I am never around when the shoot the pigs. Now you know my awful secret. I am not a sentimental person but I do raise them from piglethood and so I cannot be there when they shoot them. But once they don’t look like a pig anymore then I can help. Then Doug and Ian hang them from a tractor bucket. This helps so they can skin and remove all of the internal organs. The final decision about butchering is made when we get the chance to examine the liver. Although we raise them and feed them pigs eat anything and everything (even their own manure) so we have to see that they have a healthy looking liver before we make the final decision to eat the meat. This girl had a good looking liver (which is in the freezer now) so she is a definite go.
“You’re all heart” Mary-Kate, Matthew, and Ian divided up the heart to be eaten for breakfast. First they wash it inside and out to get all of the blood clots out then they cut it into two halves and remove all of the tough parts and then slice it up into meal size pieces and bag it up. She had a good looking heart. That is a measure of a healthy pig too.

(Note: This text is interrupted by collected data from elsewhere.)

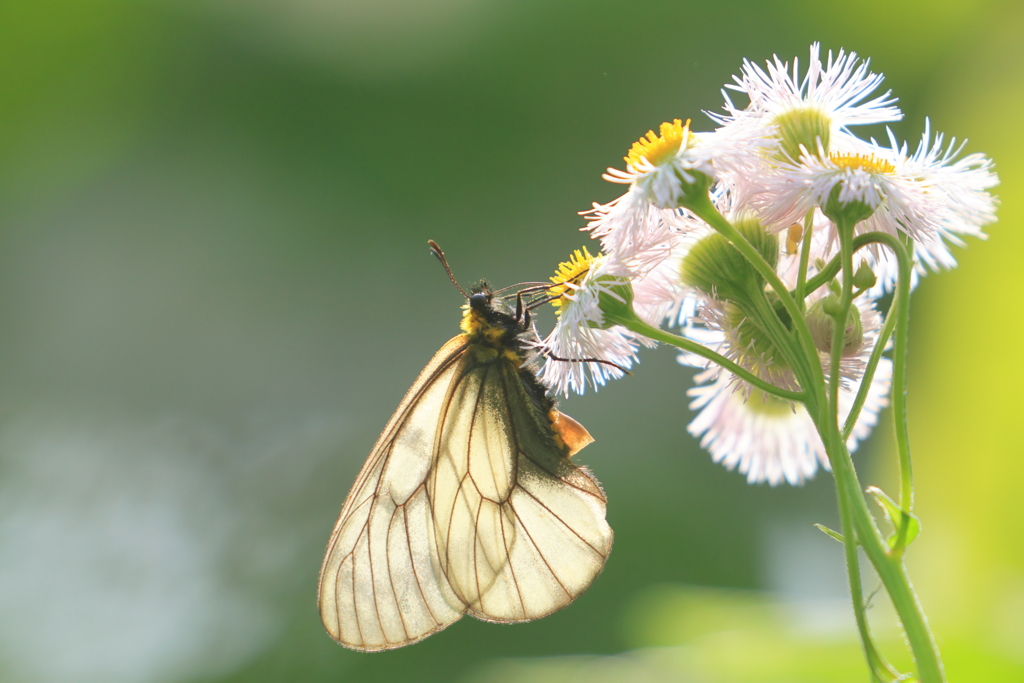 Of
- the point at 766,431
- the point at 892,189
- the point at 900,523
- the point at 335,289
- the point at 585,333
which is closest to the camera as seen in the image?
the point at 900,523

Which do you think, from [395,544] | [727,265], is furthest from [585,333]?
[395,544]

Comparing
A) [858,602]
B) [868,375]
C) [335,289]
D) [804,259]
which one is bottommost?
[858,602]

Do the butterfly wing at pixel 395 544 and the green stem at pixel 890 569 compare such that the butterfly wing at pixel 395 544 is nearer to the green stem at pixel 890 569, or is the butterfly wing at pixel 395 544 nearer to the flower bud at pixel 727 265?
the flower bud at pixel 727 265

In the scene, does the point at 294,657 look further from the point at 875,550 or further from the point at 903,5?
the point at 903,5

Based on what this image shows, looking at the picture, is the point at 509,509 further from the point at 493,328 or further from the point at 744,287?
the point at 744,287

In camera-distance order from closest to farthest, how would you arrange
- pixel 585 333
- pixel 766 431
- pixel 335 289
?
pixel 585 333
pixel 766 431
pixel 335 289

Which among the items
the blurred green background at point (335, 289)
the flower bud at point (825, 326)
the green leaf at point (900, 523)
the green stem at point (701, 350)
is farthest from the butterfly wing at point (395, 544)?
the blurred green background at point (335, 289)

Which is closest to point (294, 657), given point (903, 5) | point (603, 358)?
point (603, 358) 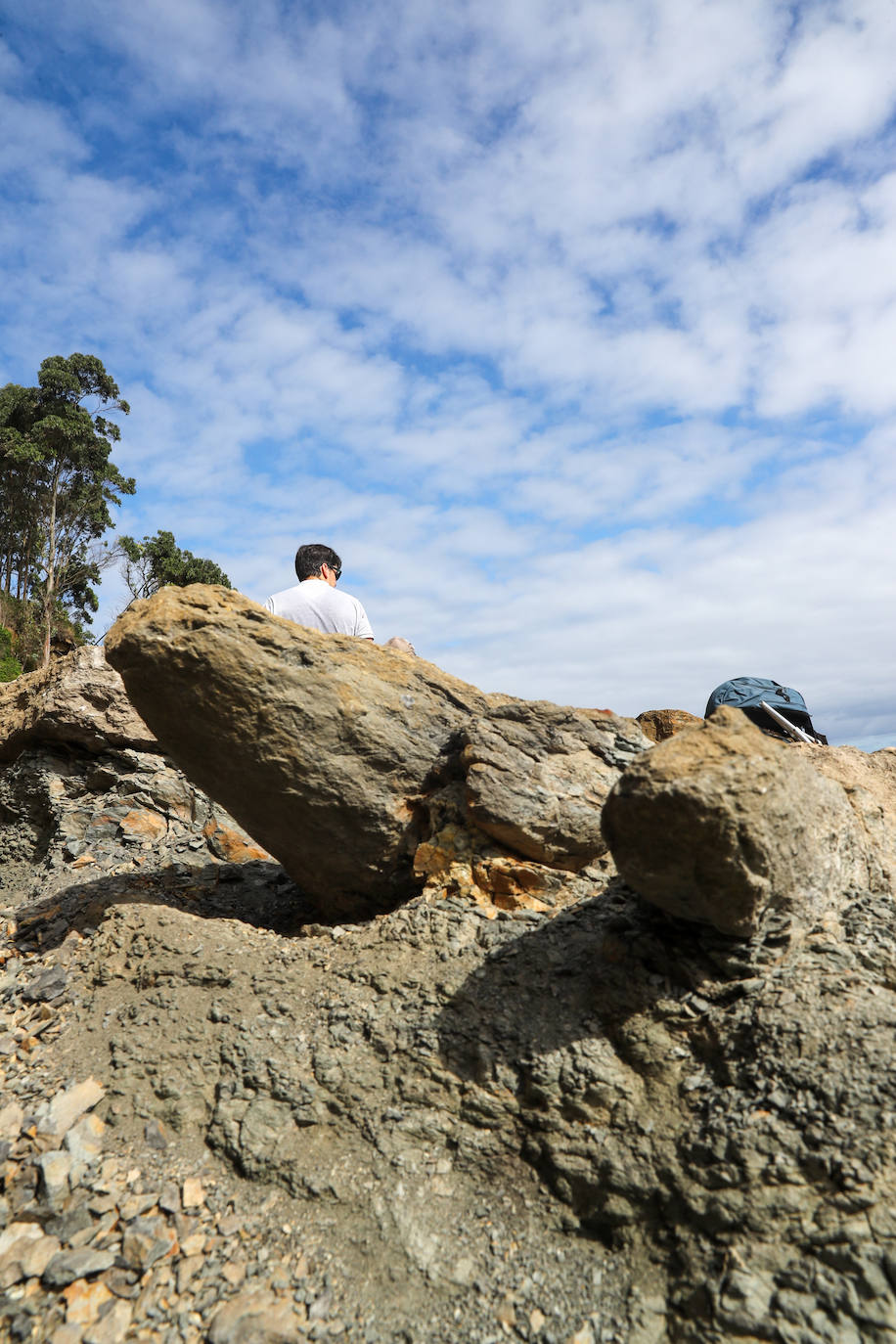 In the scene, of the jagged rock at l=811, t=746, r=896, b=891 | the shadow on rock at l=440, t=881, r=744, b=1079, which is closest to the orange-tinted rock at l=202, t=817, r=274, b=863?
the shadow on rock at l=440, t=881, r=744, b=1079

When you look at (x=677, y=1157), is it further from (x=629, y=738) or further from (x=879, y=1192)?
(x=629, y=738)

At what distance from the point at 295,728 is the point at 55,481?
2586 cm

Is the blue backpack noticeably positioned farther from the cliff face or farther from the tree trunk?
the tree trunk

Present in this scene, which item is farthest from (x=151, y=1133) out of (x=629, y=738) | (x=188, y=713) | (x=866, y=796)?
(x=866, y=796)

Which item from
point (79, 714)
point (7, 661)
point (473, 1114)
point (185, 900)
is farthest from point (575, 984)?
point (7, 661)

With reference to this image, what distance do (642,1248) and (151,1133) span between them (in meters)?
2.03

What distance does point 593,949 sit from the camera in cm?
358

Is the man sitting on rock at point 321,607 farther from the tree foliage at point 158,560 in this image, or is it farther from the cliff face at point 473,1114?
the tree foliage at point 158,560

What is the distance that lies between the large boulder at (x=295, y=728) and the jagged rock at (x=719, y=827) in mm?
1648

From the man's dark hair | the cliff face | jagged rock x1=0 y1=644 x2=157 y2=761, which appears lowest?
the cliff face

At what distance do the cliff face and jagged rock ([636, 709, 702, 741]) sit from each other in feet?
Result: 5.83

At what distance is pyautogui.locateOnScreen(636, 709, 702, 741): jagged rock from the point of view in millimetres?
6008

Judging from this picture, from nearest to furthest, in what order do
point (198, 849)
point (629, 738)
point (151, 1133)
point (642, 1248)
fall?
point (642, 1248), point (151, 1133), point (629, 738), point (198, 849)

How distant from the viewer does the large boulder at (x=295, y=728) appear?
4.09 m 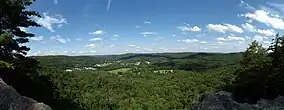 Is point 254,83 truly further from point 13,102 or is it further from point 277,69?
point 13,102

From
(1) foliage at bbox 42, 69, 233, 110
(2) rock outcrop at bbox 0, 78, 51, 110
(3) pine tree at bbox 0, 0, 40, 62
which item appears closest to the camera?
(2) rock outcrop at bbox 0, 78, 51, 110

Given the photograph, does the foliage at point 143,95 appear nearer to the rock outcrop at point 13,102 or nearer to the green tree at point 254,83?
the green tree at point 254,83

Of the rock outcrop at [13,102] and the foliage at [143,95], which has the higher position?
the rock outcrop at [13,102]

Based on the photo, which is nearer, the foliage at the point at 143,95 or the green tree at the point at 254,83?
the green tree at the point at 254,83

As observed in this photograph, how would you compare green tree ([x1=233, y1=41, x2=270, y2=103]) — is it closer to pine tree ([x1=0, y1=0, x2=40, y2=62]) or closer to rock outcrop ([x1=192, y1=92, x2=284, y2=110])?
rock outcrop ([x1=192, y1=92, x2=284, y2=110])

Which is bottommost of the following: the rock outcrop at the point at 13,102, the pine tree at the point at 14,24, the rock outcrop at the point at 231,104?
the rock outcrop at the point at 231,104

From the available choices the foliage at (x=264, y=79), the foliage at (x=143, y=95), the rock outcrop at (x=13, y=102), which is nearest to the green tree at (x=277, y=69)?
the foliage at (x=264, y=79)

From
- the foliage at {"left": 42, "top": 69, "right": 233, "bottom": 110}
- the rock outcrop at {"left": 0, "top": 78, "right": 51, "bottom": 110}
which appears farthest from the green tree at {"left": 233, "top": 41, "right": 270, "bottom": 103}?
the foliage at {"left": 42, "top": 69, "right": 233, "bottom": 110}

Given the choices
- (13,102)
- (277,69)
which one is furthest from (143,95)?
(13,102)

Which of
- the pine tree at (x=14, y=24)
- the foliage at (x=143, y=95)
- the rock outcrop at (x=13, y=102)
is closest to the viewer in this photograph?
the rock outcrop at (x=13, y=102)

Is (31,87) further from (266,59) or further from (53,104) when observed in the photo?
(266,59)

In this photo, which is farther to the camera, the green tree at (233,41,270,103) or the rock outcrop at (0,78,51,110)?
the green tree at (233,41,270,103)

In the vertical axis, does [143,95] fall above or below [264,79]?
below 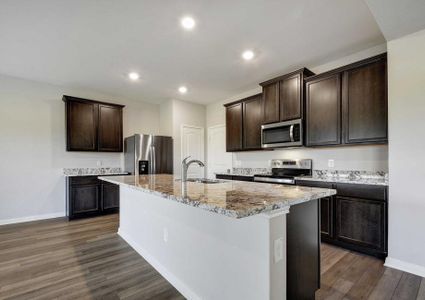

“Stick out your tongue” Mary-Kate likes the tongue too and she is the only one who is willing to do the work that goes into preparing that. That needs to be peeled and the little bones at the back removed before it can be cooked. She cut that up and bagged it to take back to school with her so she can cook it for some meals while she is away from home.
We try to use just about everything but the squeal. Today we go over to our friends house and get to work cutting up the rest of the pig. We have cleaned out the freezer and all is in readiness for the pig.
Comments (12)
I used to be a meat cutter. Haven’t done it in years though! Do you make your own sausage and/or smoked sausage??
@Hecalmsthestorm - Yes I do make my own sausage. We don’t smoke anything though. We don’t have the facility to smoke things here and if we send things away the chemicals they use cause me to have severe migraines.
I’m sure glad you enjoy organ meats. I just can’t get past that weird texture! Ewww.
It is such a lovely feeling to have a full freezer, though, isn’t it?
Oh I am the same way, such a good feeling to have everything stocked. I also would not be too keen on observing the shooting part.
@homefire - I don’t eat the organ meats either. Not because of the texture or the flavor but because my body rebels when I eat too much meat of any kind. Seafood and chicken once in awhile is about all the protein of that kind that I can tolerate. I love having the freezer full. It is nice to be able to plan the menus for the week and only have to buy a few fresh things. The only part that bothers me is having to support National Grid but I’m trying to figure a way to get around them too.
Had to google to find out what in the world NG was!
Yeah, it’s sobering to consider the possibilites of a nation without electricity, isn’t it?
My husband got a kick out of seeing your pictures! That heart sure does look healthy, but the tongue, eww.
@whteroses - I’m with you on the tongue. Once it’s prepared it’s great but thinking about a pigs tongue and where it’s been is a sobering thought.
Tongue is great for the verbiage.
@P_Obrien - whose the pigs or the consumers?
That is sooo cool! Reminds me of the scene in Little House in the Big Woods were Pa kills the pig. Do you make you’re own bacon too? And ham? How do you make a ham? ~ L
@empress8411 - We don’t do any smoking of meat here because we don’t have the facilities. My oldest is having the bacon sent out to someone who (hopefully) makes naturally smoked bacon. The stuff that is injected with chemicals to preserve it, like in the store gives me terrible migraines. If we were to start smoking meat, which I would like to do someday, I think I would just look it up in a book and start doing it. Don’t really know how right now. That’s how we learned how to butcher and to raise pigs. Just looked it up in a book.